Quelques jours seulement après s’être fondu dans le Front pour l’unité nationale et le développement utilitaire (Fundu), le Rassemblement héritage et modernité (RHM), a convoqué une réunion du tout nouveau bureau exécutif à son siège sis au centre-ville, dans le 3ème arrondissement de Libreville.
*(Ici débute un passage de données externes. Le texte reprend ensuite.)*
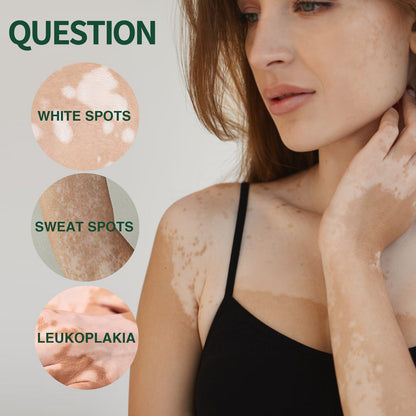 HEALSY™Pigment Repair Treatment Cream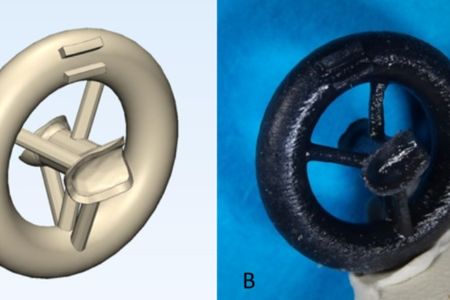Ear prosthesis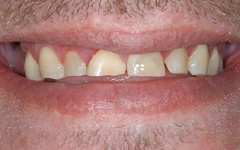 Worn discolored teeth before dental snap on treatment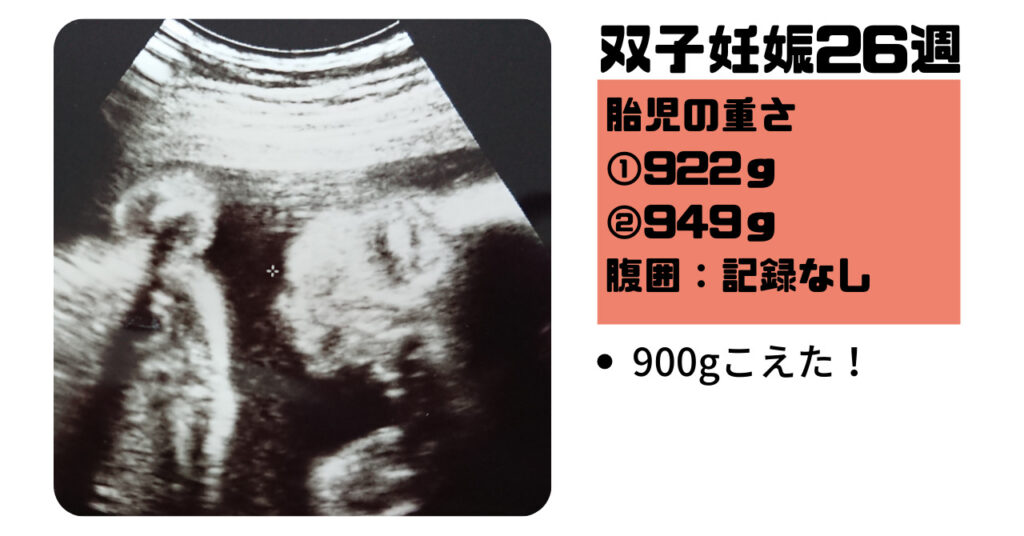 【双子妊娠7ヵ月（24週～27週）】里帰り出産のために大移動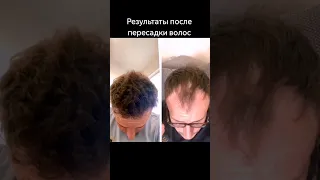 Результаты после пересадки волос | Пересадка волос в Турции #пересадкаволос #пересадкаволосвтурции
La rencontre portait entre autres, sur la prise de contact entre anciens et nouveaux membres, l’organisation du congrès et la mise en place d’un programme d’activité devant être appliquée dans les tout prochains jours, sur le terrain.

Michel Menga M’Essone, qui présidait en l’absence de Barro Chambrier, cette première réunion du bureau exécutif du RHM a rappelé à l’ensemble des secrétaires généraux adjoints qu’ils doivent désormais se mettre au travail, de manière à ce que chacun joue pleinement sa partition. «Nous devons implanter le parti, corriger certains dysfonctionnements et dynamiser davantage les structures de base existantes dans le pays, afin que RHM puisse vivre et participer plus que maintenant à la vie politique de notre nation.»; a-t-il adressé à l’endroit de ses adjoints.

En outre, questionné sur la présence d’un secrétaire général adjoint pour chaque province, il a indiqué que ce choix procédait de la volonté de mieux cerner le territoire et de rendre le parti plus dynamique à l’intérieur du pays. «Même si la majorité des gabonais vivent à Libreville, le Gabon ce n’est pas Libreville»; a-t-il justifié. Précisant par ailleurs : «Nous ne voulons pas avoir une partie Jacobin. Un parti centralisé à Libreville d’où viennent toutes les décisions. C’est pourquoi nous avons pensé qu’à la tête de chaque province, il y ait un responsable de haut niveau qui anime la vie du parti au niveau local, sous la houlette du SG et du président du parti».

Se prononçant sur la récente diffusion du magazine «Complément d’enquête» sur France 2, il a précisé que «chaque gabonais devrait se faire sa propre opinion sur la base des informations qui ont été révélées». Pour lui, la presse française est libre «dès lors, il me paraît peu probable de voir la main des politiques français derrière ce magazine. Les journalistes qui en ont les concepteurs et animateurs, sont les seuls responsables de son contenu. Nous n’allons pas nous inscrire dans une logique qui voudrait qu’ils aient été manipulés, nous y croirons pas du tout.»; a-t-il conclu.